Nothing below is to be printed except the lines between the line holding "Best Bargains Relaxed Bamboo Singlet - Plum" and the line holding "10-Piece 12x108 Navy", inclusive, each exactly as it appears.

*SOURCE DATA*
_ _ _ _

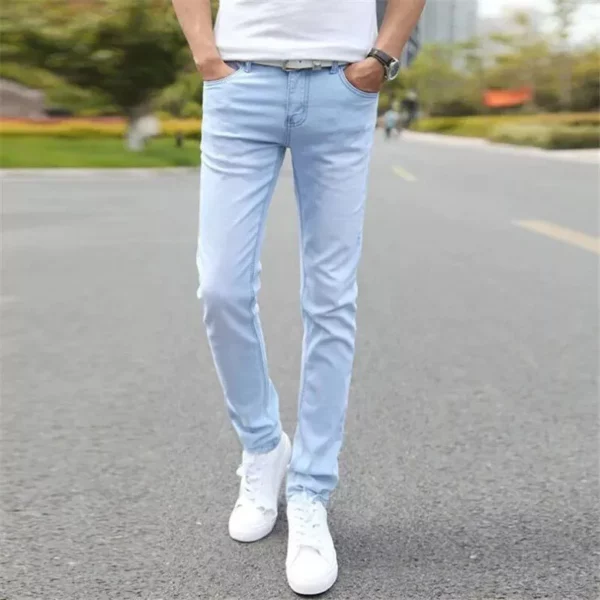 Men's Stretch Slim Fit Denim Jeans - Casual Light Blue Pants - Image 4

_ _ _ _

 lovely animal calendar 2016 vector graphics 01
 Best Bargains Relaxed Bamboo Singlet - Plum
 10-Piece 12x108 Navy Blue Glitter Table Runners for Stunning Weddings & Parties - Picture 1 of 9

_ _ _ _

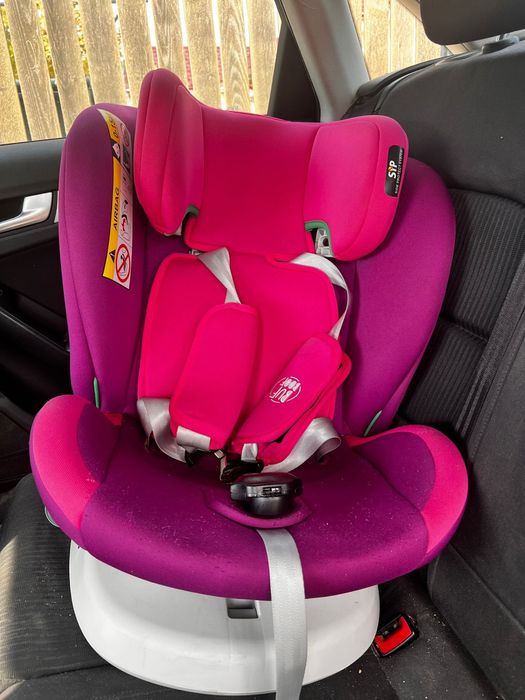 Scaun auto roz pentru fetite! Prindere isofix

_ _ _ _

*ANSWER SPACE*
 Best Bargains Relaxed Bamboo Singlet - Plum
 10-Piece 12x108 Navy Blue Glitter Table Runners for Stunning Weddings & Parties - Picture 1 of 9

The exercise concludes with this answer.